### Problem
Nothing but the lines from the one containing "обложка книги Работа" through the one containing "7 1 The Magnetic", both included, should be given again, each exactly as written below.

### Supplied information
+++++

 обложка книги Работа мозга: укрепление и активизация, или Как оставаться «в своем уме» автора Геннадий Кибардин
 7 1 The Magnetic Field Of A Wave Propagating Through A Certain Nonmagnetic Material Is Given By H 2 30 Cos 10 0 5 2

+++++

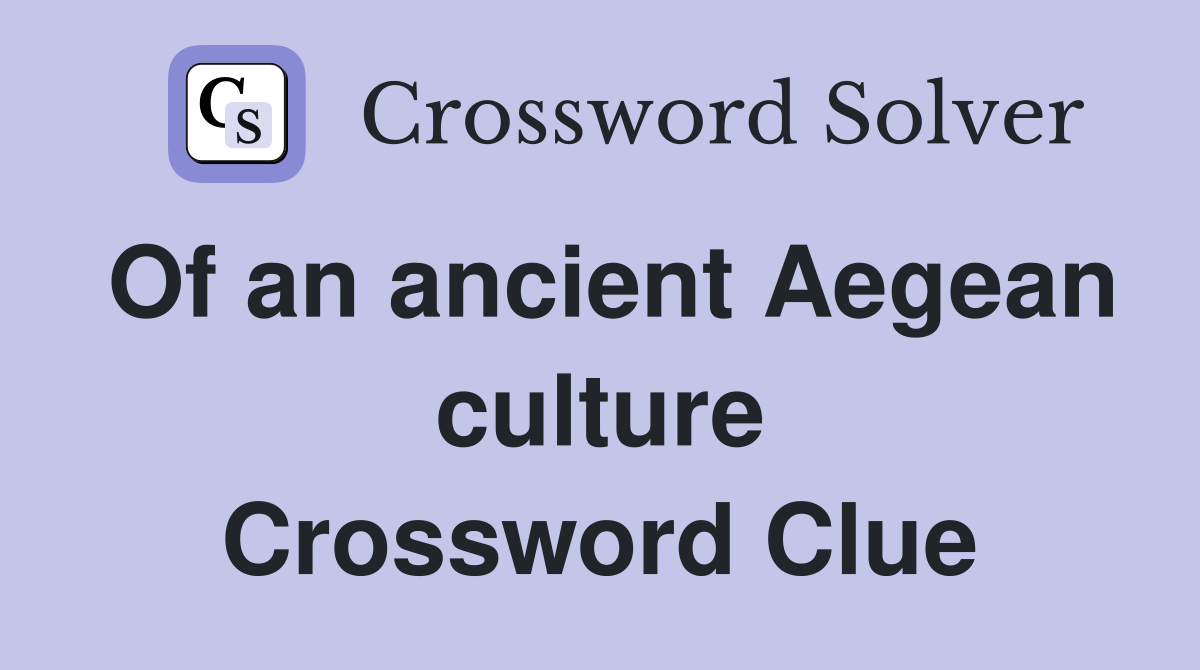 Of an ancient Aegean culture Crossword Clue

+++++

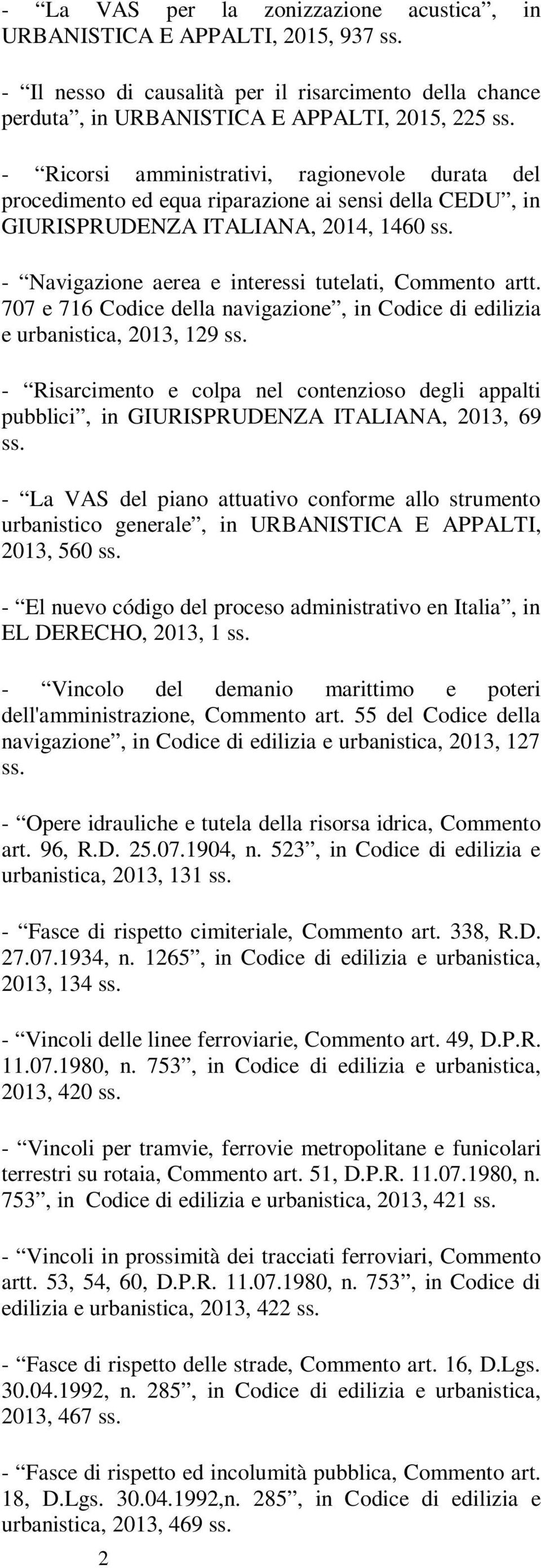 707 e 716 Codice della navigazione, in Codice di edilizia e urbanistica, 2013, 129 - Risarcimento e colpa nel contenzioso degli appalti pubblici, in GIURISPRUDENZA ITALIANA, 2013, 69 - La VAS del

+++++

### Solution to this problem
 обложка книги Работа мозга: укрепление и активизация, или Как оставаться «в своем уме» автора Геннадий Кибардин
 7 1 The Magnetic Field Of A Wave Propagating Through A Certain Nonmagnetic Material Is Given By H 2 30 Cos 10 0 5 2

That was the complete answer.